Desde el momento en que se publicó la Patética adquirió fama, siendo la primera obra de Beethoven que se popularizó rápidamente, a lo que contribuyó, tal vez su título sugerente, único ideado por el autor, pues Claro de luna, la Aurora y la Appasionata, que siempre han sido tan populares como aquélla, fueron así tituladas por el capricho ajeno. Mucho se ha comentado el referido título Op. 13, recordándose que el adjetivo patético expresa pasión, desde luego, pero pasión atormentada, dolorosa profunda, capaz de conmover intensamente. La opinión más apropiada es la de Reinecke, con la que coinciden otras muchas. Dicho compositor v profesor alemán afirma que a ese calificativo de patética responde solamente el primer tiempo. Realmente, en el sereno y plácido adagio el “pathos” desaparece por completo, fuera de algún acento pasajero y en el rondó, si se recuerda algunos instantes, se halla muy atenuado y suavizado, casi hasta la amabilidad. Asimismo, es cierto que numerosas composiciones o fragmentos de ellas entre las escritas por el autor ofrecen un carácter todavía mucho más patético que el primer tiempo de esta sonata, aunque Beethoven no las especificara con tal título.

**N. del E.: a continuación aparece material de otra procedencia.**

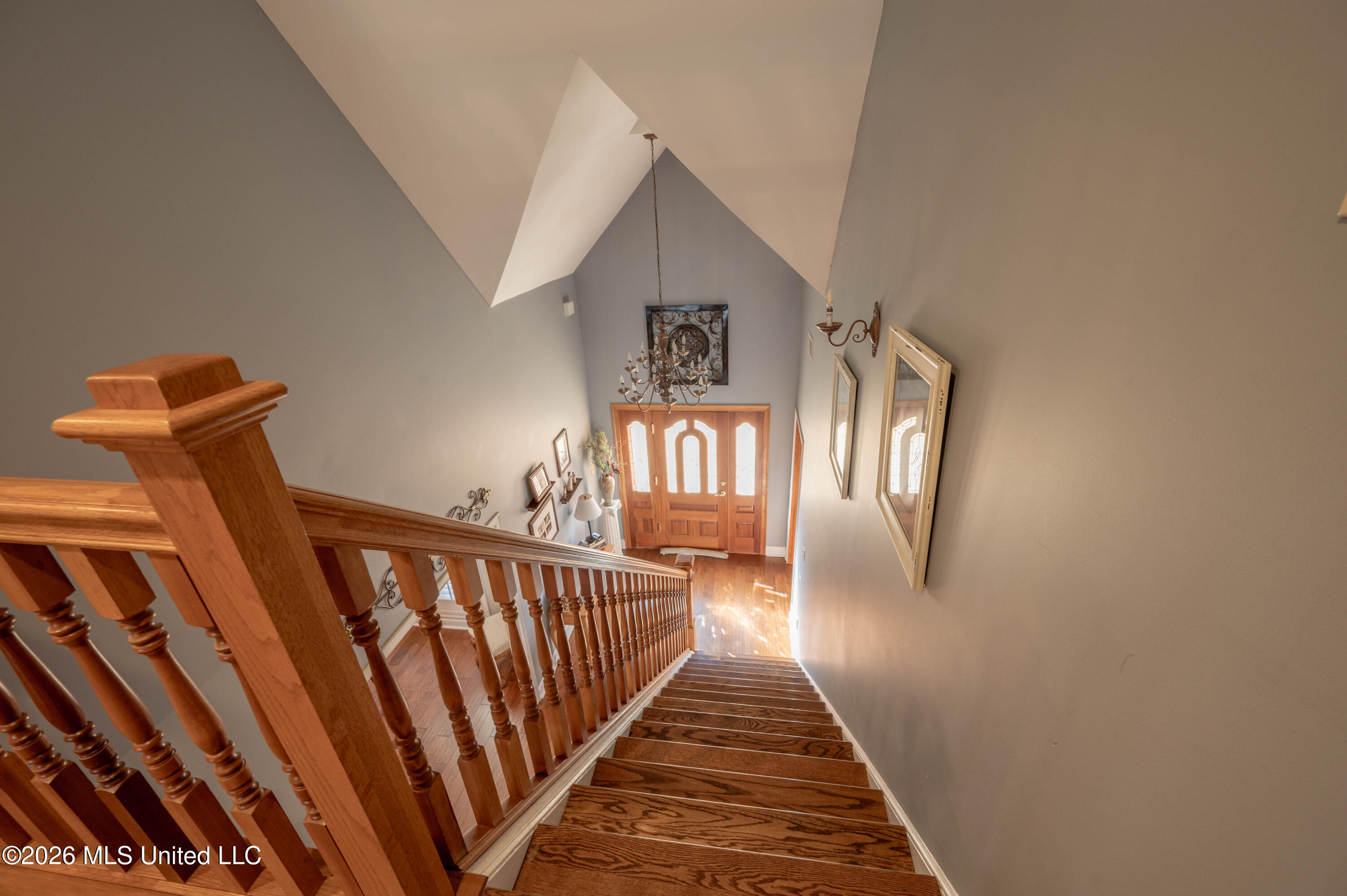 1290 S Robertson Road Property Photo 55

La primera edición de la octava sonata para piano apareció con el siguiente epígrafe y dedicatoria: “Grande Sonate pathétique, pour le Clavecin or Piano-forte, composée et dédiée a Son Altesse Mongseigneur le Prince Charles de Lichnowsky, par Louis Van Beethoven. Oeuvre 13. Joseph Eder am Graben”.

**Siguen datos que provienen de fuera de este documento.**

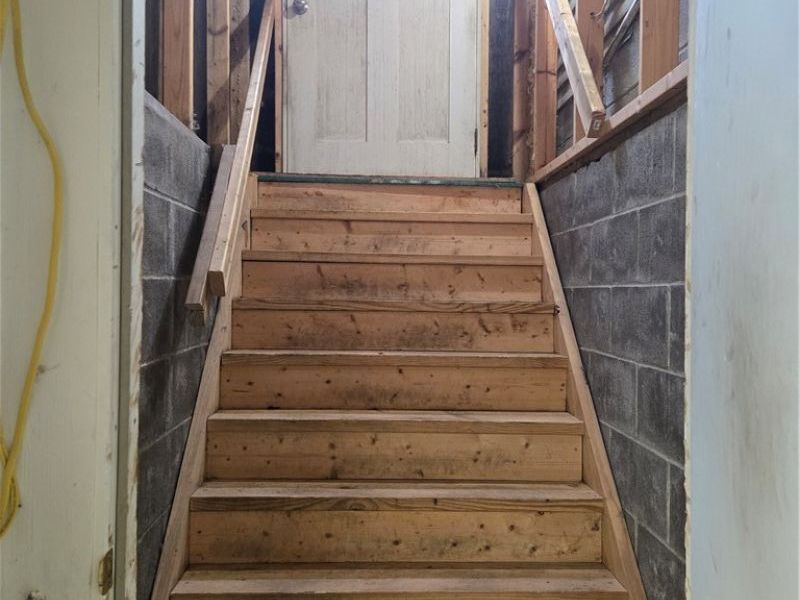 389 State Route 511, Nova, OH 44859 Photo 13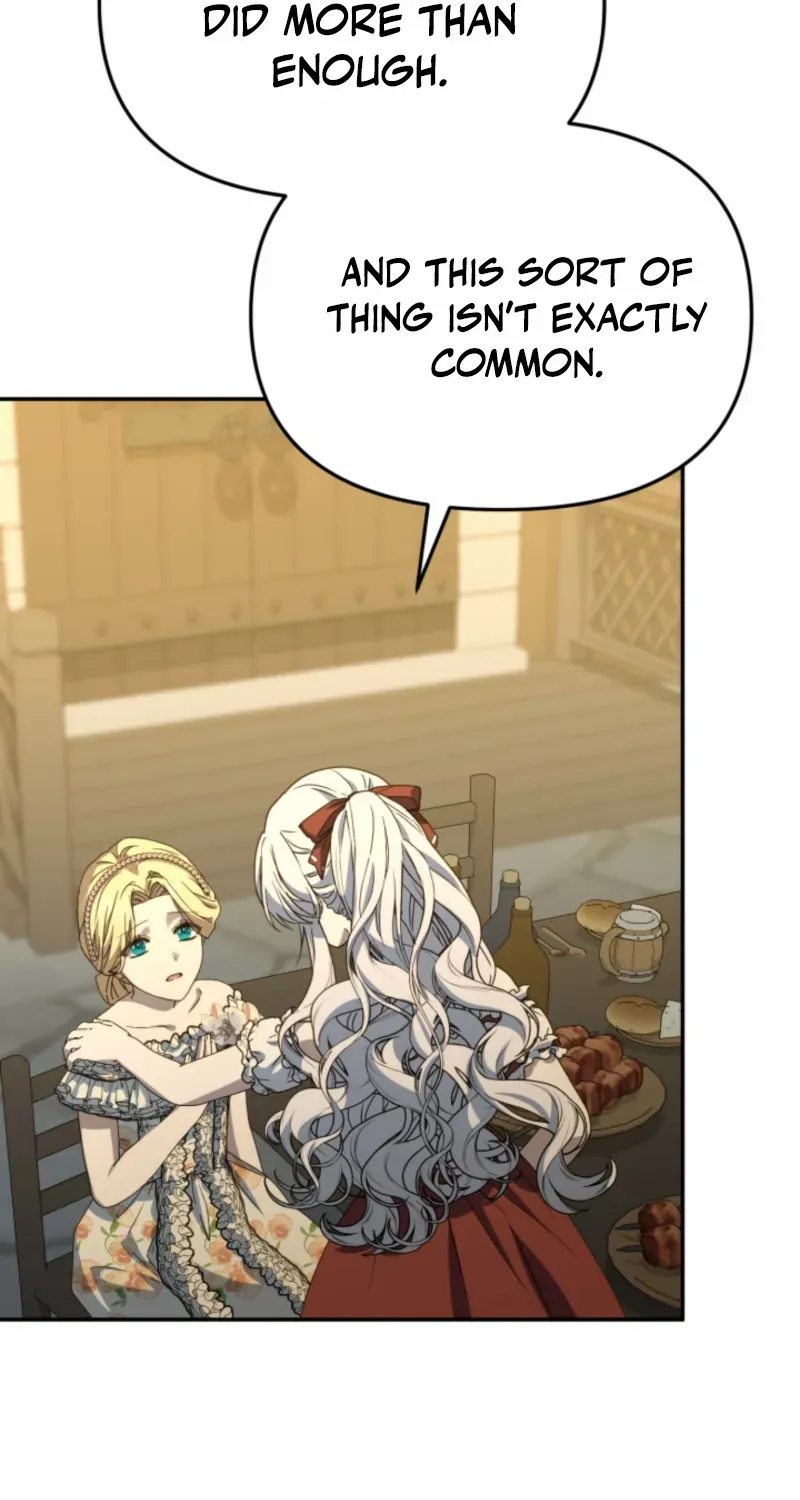 How To Survive As The Devil’s Child Chapter 104 page 19 -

La sonata contiene tres movimientos:
1. Grave; allegro di molto e con brio
2. Adagio cantabile
3. Rondo: allegro
El primer movimiento arranca con una introducción (Grave), por primera vez en la producción de Beethoven. El Grave suscita sentimientos de dolor atenuados por momentos de luz. Ligado de manera orgánica a la introducción , aparece el Allegro molto e con brio, con un comienzo tormentoso, violentamente dramático y apasionado. Como ocurre con frecuencia en Beethoven, este primer tema es contrapuesto a otro tema más melódico y expresivo. El tema de la introducción aparece nuevamente antes de una sección de desarrollo, y nuevamente antes de la coda final. La tensión emocional del movimiento, concentrado, extenso y complejo, no se había dado nunca antes en la literatura pianística.
El famoso segundo movimiento, Adagio cantabile, es de una sosegada belleza y suavidad, aparentemente simple pero armónicamente densa. La idea principal se puede encontrar en otras obras de Beethoven como el cuarteto Op.18 nº2 y en el Septimino Op.20. El último movimiento, Rondó: Allegro , es rico en inventiva y delicadeza, aunque de carga emocional inferior a la de los dos intensos movimientos anteriores .

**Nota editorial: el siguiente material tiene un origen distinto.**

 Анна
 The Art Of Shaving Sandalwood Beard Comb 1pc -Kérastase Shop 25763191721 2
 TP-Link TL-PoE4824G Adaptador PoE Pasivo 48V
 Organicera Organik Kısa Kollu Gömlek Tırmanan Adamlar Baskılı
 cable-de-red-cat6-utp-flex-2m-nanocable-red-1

Los expertos destacan la unificación temática de la sonata a partir de una célula cíclica, que aparece en todas las secciones de la sonata: el núcleo temático del Grave se reproduce en el Allegro, y el segundo tema del Allegro es una amplificación del Grave. También es la base para el final de la melodía del Adagio cantabile y para el tema principal del Rondó. Se suelen destacar además las ambiciones sinfónicas y tímbricas de la sonata, muy rica en texturas.